(Source records)
************

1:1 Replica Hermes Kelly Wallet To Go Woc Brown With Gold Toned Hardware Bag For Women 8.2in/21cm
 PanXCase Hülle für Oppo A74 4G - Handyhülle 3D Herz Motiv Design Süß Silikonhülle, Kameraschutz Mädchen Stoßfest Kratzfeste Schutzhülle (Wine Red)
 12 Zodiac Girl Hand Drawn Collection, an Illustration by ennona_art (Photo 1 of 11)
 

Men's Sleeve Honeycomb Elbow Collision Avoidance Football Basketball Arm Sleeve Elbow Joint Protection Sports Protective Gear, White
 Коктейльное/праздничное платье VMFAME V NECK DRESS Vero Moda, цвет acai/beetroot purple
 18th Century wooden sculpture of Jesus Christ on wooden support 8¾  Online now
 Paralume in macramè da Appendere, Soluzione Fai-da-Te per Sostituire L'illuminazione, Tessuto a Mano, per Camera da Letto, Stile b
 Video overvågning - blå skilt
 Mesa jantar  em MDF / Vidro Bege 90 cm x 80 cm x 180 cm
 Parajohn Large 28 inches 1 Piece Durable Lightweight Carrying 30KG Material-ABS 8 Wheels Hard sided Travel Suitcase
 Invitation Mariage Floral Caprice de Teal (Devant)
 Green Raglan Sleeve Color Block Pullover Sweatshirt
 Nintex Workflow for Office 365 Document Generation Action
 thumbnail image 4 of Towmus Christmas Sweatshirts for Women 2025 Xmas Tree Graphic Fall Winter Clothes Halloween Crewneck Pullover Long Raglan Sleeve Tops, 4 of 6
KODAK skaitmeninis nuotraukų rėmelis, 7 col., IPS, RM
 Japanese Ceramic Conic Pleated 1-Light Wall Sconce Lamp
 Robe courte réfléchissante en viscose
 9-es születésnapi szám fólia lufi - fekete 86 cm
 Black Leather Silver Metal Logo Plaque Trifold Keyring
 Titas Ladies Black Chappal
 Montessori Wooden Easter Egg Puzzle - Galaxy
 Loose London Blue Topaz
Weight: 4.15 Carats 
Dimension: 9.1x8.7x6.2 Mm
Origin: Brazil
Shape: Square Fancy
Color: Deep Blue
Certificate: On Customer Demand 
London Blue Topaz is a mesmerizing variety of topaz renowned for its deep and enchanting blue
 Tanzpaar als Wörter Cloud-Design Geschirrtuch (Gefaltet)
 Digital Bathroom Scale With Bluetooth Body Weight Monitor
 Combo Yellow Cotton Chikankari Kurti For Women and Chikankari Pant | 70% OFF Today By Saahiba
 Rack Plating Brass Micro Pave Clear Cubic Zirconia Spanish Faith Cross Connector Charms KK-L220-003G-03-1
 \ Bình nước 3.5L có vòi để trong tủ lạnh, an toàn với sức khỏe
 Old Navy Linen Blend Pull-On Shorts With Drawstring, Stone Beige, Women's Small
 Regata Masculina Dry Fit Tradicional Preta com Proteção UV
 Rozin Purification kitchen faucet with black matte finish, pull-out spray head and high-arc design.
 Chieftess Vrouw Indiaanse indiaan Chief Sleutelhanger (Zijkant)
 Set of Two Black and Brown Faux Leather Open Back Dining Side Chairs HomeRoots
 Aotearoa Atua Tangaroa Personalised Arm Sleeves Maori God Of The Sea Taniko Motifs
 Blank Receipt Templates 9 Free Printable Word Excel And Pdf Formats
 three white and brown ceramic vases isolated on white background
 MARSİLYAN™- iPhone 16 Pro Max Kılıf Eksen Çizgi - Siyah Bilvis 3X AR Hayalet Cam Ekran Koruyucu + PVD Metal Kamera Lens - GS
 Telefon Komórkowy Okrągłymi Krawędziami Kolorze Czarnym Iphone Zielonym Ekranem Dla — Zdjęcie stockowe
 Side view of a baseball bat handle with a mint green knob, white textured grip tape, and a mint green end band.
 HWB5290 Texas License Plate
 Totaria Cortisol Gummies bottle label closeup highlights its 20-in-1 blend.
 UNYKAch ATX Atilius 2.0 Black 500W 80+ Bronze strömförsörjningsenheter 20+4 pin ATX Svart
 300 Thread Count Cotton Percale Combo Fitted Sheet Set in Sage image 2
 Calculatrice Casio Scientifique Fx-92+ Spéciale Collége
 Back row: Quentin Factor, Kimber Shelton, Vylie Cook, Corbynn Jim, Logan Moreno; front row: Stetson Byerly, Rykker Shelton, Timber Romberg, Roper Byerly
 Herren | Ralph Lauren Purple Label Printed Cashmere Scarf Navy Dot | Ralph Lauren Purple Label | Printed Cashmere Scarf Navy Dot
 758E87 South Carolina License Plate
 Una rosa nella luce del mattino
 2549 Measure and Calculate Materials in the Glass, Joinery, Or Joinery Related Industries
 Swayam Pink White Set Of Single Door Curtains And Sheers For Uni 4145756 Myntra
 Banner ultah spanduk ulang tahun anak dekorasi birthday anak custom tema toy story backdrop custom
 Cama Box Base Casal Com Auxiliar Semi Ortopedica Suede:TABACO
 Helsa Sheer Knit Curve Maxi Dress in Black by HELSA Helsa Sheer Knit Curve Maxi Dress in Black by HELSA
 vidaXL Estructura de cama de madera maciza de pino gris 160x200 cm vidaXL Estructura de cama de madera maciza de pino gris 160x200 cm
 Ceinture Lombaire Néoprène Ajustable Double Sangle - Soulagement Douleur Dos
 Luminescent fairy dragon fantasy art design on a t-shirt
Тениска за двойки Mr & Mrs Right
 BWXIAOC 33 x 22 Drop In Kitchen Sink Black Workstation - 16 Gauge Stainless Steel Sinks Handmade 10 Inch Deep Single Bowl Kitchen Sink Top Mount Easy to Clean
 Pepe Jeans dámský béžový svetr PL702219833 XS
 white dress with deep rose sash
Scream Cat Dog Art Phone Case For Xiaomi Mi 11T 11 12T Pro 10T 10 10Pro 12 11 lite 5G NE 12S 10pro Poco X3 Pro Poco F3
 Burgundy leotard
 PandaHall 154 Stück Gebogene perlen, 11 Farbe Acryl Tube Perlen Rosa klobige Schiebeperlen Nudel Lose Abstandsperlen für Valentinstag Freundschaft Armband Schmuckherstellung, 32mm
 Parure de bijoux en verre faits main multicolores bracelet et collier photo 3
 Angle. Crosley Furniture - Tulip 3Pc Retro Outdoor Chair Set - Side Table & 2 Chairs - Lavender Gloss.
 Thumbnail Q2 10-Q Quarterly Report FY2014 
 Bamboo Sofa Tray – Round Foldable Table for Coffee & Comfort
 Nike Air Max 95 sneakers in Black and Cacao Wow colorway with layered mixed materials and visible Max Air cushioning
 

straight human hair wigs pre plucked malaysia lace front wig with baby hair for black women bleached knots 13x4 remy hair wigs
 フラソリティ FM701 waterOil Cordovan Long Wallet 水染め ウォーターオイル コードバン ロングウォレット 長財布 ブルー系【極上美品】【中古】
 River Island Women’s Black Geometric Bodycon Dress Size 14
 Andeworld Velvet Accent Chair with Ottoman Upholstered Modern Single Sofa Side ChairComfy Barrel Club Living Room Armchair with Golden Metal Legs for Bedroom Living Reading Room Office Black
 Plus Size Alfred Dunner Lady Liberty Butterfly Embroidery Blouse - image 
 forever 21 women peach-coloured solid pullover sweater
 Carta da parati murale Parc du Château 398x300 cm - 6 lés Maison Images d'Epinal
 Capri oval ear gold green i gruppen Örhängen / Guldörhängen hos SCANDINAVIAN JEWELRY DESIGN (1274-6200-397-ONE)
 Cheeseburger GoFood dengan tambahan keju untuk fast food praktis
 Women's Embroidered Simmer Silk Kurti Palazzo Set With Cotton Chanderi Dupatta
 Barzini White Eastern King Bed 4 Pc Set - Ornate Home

************

* _WHAT TO DO_:
Each entry shown above should be copied out exactly.

* _RESPONSE FOR THIS EXERCISE_:
1:1 Replica Hermes Kelly Wallet To Go Woc Brown With Gold Toned Hardware Bag For Women 8.2in/21cm
 PanXCase Hülle für Oppo A74 4G - Handyhülle 3D Herz Motiv Design Süß Silikonhülle, Kameraschutz Mädchen Stoßfest Kratzfeste Schutzhülle (Wine Red)
 12 Zodiac Girl Hand Drawn Collection, an Illustration by ennona_art (Photo 1 of 11)
 

Men's Sleeve Honeycomb Elbow Collision Avoidance Football Basketball Arm Sleeve Elbow Joint Protection Sports Protective Gear, White
 Коктейльное/праздничное платье VMFAME V NECK DRESS Vero Moda, цвет acai/beetroot purple
 18th Century wooden sculpture of Jesus Christ on wooden support 8¾  Online now
 Paralume in macramè da Appendere, Soluzione Fai-da-Te per Sostituire L'illuminazione, Tessuto a Mano, per Camera da Letto, Stile b
 Video overvågning - blå skilt
 Mesa jantar  em MDF / Vidro Bege 90 cm x 80 cm x 180 cm
 Parajohn Large 28 inches 1 Piece Durable Lightweight Carrying 30KG Material-ABS 8 Wheels Hard sided Travel Suitcase
 Invitation Mariage Floral Caprice de Teal (Devant)
 Green Raglan Sleeve Color Block Pullover Sweatshirt
 Nintex Workflow for Office 365 Document Generation Action
 thumbnail image 4 of Towmus Christmas Sweatshirts for Women 2025 Xmas Tree Graphic Fall Winter Clothes Halloween Crewneck Pullover Long Raglan Sleeve Tops, 4 of 6
KODAK skaitmeninis nuotraukų rėmelis, 7 col., IPS, RM
 Japanese Ceramic Conic Pleated 1-Light Wall Sconce Lamp
 Robe courte réfléchissante en viscose
 9-es születésnapi szám fólia lufi - fekete 86 cm
 Black Leather Silver Metal Logo Plaque Trifold Keyring
 Titas Ladies Black Chappal
 Montessori Wooden Easter Egg Puzzle - Galaxy
 Loose London Blue Topaz
Weight: 4.15 Carats 
Dimension: 9.1x8.7x6.2 Mm
Origin: Brazil
Shape: Square Fancy
Color: Deep Blue
Certificate: On Customer Demand 
London Blue Topaz is a mesmerizing variety of topaz renowned for its deep and enchanting blue
 Tanzpaar als Wörter Cloud-Design Geschirrtuch (Gefaltet)
 Digital Bathroom Scale With Bluetooth Body Weight Monitor
 Combo Yellow Cotton Chikankari Kurti For Women and Chikankari Pant | 70% OFF Today By Saahiba
 Rack Plating Brass Micro Pave Clear Cubic Zirconia Spanish Faith Cross Connector Charms KK-L220-003G-03-1
 \ Bình nước 3.5L có vòi để trong tủ lạnh, an toàn với sức khỏe
 Old Navy Linen Blend Pull-On Shorts With Drawstring, Stone Beige, Women's Small
 Regata Masculina Dry Fit Tradicional Preta com Proteção UV
 Rozin Purification kitchen faucet with black matte finish, pull-out spray head and high-arc design.
 Chieftess Vrouw Indiaanse indiaan Chief Sleutelhanger (Zijkant)
 Set of Two Black and Brown Faux Leather Open Back Dining Side Chairs HomeRoots
 Aotearoa Atua Tangaroa Personalised Arm Sleeves Maori God Of The Sea Taniko Motifs
 Blank Receipt Templates 9 Free Printable Word Excel And Pdf Formats
 three white and brown ceramic vases isolated on white background
 MARSİLYAN™- iPhone 16 Pro Max Kılıf Eksen Çizgi - Siyah Bilvis 3X AR Hayalet Cam Ekran Koruyucu + PVD Metal Kamera Lens - GS
 Telefon Komórkowy Okrągłymi Krawędziami Kolorze Czarnym Iphone Zielonym Ekranem Dla — Zdjęcie stockowe
 Side view of a baseball bat handle with a mint green knob, white textured grip tape, and a mint green end band.
 HWB5290 Texas License Plate
 Totaria Cortisol Gummies bottle label closeup highlights its 20-in-1 blend.
 UNYKAch ATX Atilius 2.0 Black 500W 80+ Bronze strömförsörjningsenheter 20+4 pin ATX Svart
 300 Thread Count Cotton Percale Combo Fitted Sheet Set in Sage image 2
 Calculatrice Casio Scientifique Fx-92+ Spéciale Collége
 Back row: Quentin Factor, Kimber Shelton, Vylie Cook, Corbynn Jim, Logan Moreno; front row: Stetson Byerly, Rykker Shelton, Timber Romberg, Roper Byerly
 Herren | Ralph Lauren Purple Label Printed Cashmere Scarf Navy Dot | Ralph Lauren Purple Label | Printed Cashmere Scarf Navy Dot
 758E87 South Carolina License Plate
 Una rosa nella luce del mattino
 2549 Measure and Calculate Materials in the Glass, Joinery, Or Joinery Related Industries
 Swayam Pink White Set Of Single Door Curtains And Sheers For Uni 4145756 Myntra
 Banner ultah spanduk ulang tahun anak dekorasi birthday anak custom tema toy story backdrop custom
 Cama Box Base Casal Com Auxiliar Semi Ortopedica Suede:TABACO
 Helsa Sheer Knit Curve Maxi Dress in Black by HELSA Helsa Sheer Knit Curve Maxi Dress in Black by HELSA
 vidaXL Estructura de cama de madera maciza de pino gris 160x200 cm vidaXL Estructura de cama de madera maciza de pino gris 160x200 cm
 Ceinture Lombaire Néoprène Ajustable Double Sangle - Soulagement Douleur Dos
 Luminescent fairy dragon fantasy art design on a t-shirt
Тениска за двойки Mr & Mrs Right
 BWXIAOC 33 x 22 Drop In Kitchen Sink Black Workstation - 16 Gauge Stainless Steel Sinks Handmade 10 Inch Deep Single Bowl Kitchen Sink Top Mount Easy to Clean
 Pepe Jeans dámský béžový svetr PL702219833 XS
 white dress with deep rose sash
Scream Cat Dog Art Phone Case For Xiaomi Mi 11T 11 12T Pro 10T 10 10Pro 12 11 lite 5G NE 12S 10pro Poco X3 Pro Poco F3
 Burgundy leotard
 PandaHall 154 Stück Gebogene perlen, 11 Farbe Acryl Tube Perlen Rosa klobige Schiebeperlen Nudel Lose Abstandsperlen für Valentinstag Freundschaft Armband Schmuckherstellung, 32mm
 Parure de bijoux en verre faits main multicolores bracelet et collier photo 3
 Angle. Crosley Furniture - Tulip 3Pc Retro Outdoor Chair Set - Side Table & 2 Chairs - Lavender Gloss.
 Thumbnail Q2 10-Q Quarterly Report FY2014 
 Bamboo Sofa Tray – Round Foldable Table for Coffee & Comfort
 Nike Air Max 95 sneakers in Black and Cacao Wow colorway with layered mixed materials and visible Max Air cushioning
 

straight human hair wigs pre plucked malaysia lace front wig with baby hair for black women bleached knots 13x4 remy hair wigs
 フラソリティ FM701 waterOil Cordovan Long Wallet 水染め ウォーターオイル コードバン ロングウォレット 長財布 ブルー系【極上美品】【中古】
 River Island Women’s Black Geometric Bodycon Dress Size 14
 Andeworld Velvet Accent Chair with Ottoman Upholstered Modern Single Sofa Side ChairComfy Barrel Club Living Room Armchair with Golden Metal Legs for Bedroom Living Reading Room Office Black
 Plus Size Alfred Dunner Lady Liberty Butterfly Embroidery Blouse - image 
 forever 21 women peach-coloured solid pullover sweater
 Carta da parati murale Parc du Château 398x300 cm - 6 lés Maison Images d'Epinal
 Capri oval ear gold green i gruppen Örhängen / Guldörhängen hos SCANDINAVIAN JEWELRY DESIGN (1274-6200-397-ONE)
 Cheeseburger GoFood dengan tambahan keju untuk fast food praktis
 Women's Embroidered Simmer Silk Kurti Palazzo Set With Cotton Chanderi Dupatta
 Barzini White Eastern King Bed 4 Pc Set - Ornate Home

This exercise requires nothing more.